WACE wants you to treat a satellite as undergoing uniform circular motion with gravity as the only force, then derive the relationships linking radius, speed and period. The orbiting body's own mass cancels, so a feather and a spacecraft at the same altitude orbit identically.

Gravity supplies the centripetal force

For a satellite of mass $m$ orbiting a body of mass $M$ at radius $r$ , the gravitational force is the centripetal force:

\frac{GMm}{r^2}=\frac{mv^2}{r}.

Cancelling $m$ and rearranging gives the orbital speed,

v=\sqrt{\frac{GM}{r}}.

Higher orbits are slower: a satellite further out moves more slowly because the field is weaker. This is counterintuitive but follows directly from the inverse-square law.

Orbital period and Kepler's third law

Since the satellite covers one circumference $2\pi r$ in one period $T$ , $v=2\pi r/T$ . Substituting into the speed expression and squaring gives

\frac{r^3}{T^2}=\frac{GM}{4\pi^2}.

The right-hand side depends only on the central mass $M$ , so for all satellites of the same body, $r^3/T^2$ is a constant. This is Kepler's third law, and it lets you compare two orbits with a clean ratio: $\dfrac{r_1^3}{T_1^2}=\dfrac{r_2^3}{T_2^2}$ .

Geostationary satellites

A geostationary satellite stays above a fixed point on the equator, so its period equals one sidereal day (about $24$ hours) and it orbits west to east. Putting $T=86400\ \text{s}$ and $M=M_E$ into Kepler's law gives an orbital radius of about $4.2\times10^7\ \text{m}$ , roughly $36000\ \text{km}$ above the surface.
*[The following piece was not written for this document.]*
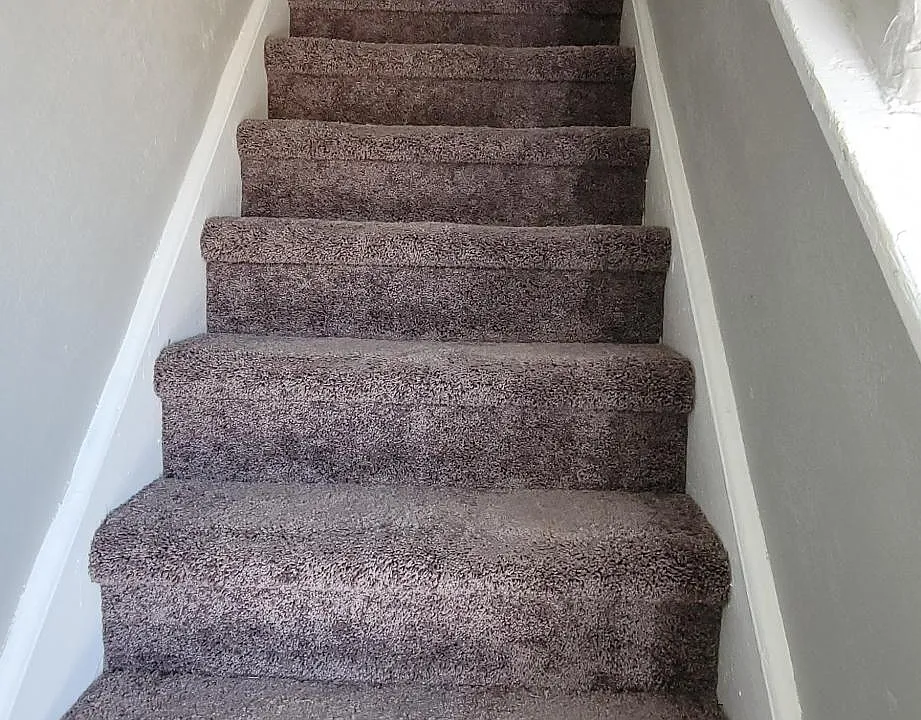 New Carpet , Fresh Paint
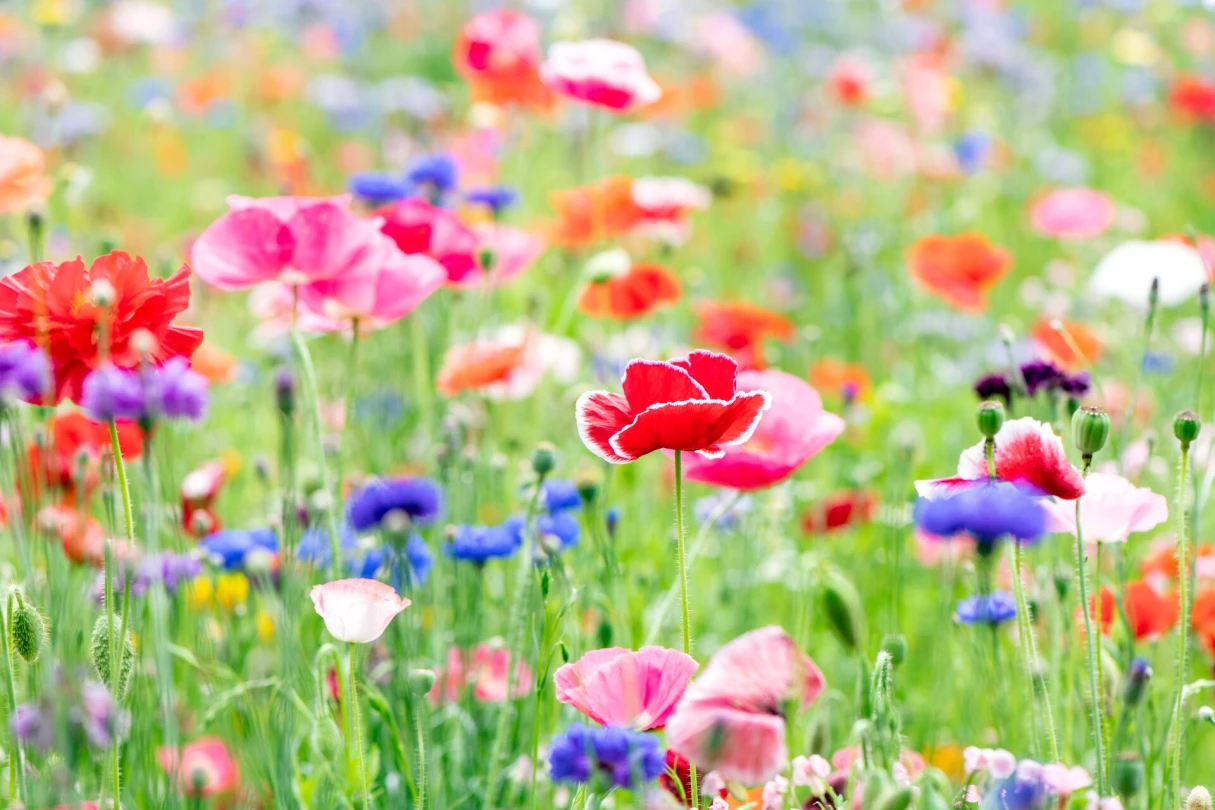Header image alt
These orbits are used for communications and weather satellites because the antenna can point at one spot in the sky.

Low-Earth-orbit satellites, by contrast, sit only a few hundred kilometres up, complete an orbit in roughly ninety minutes, and sweep across the sky, which is why imaging and space-station orbits are low and fast. The choice of orbital radius is therefore a trade-off set entirely by the period required, and Kepler's third law is the tool that links the two for any central body.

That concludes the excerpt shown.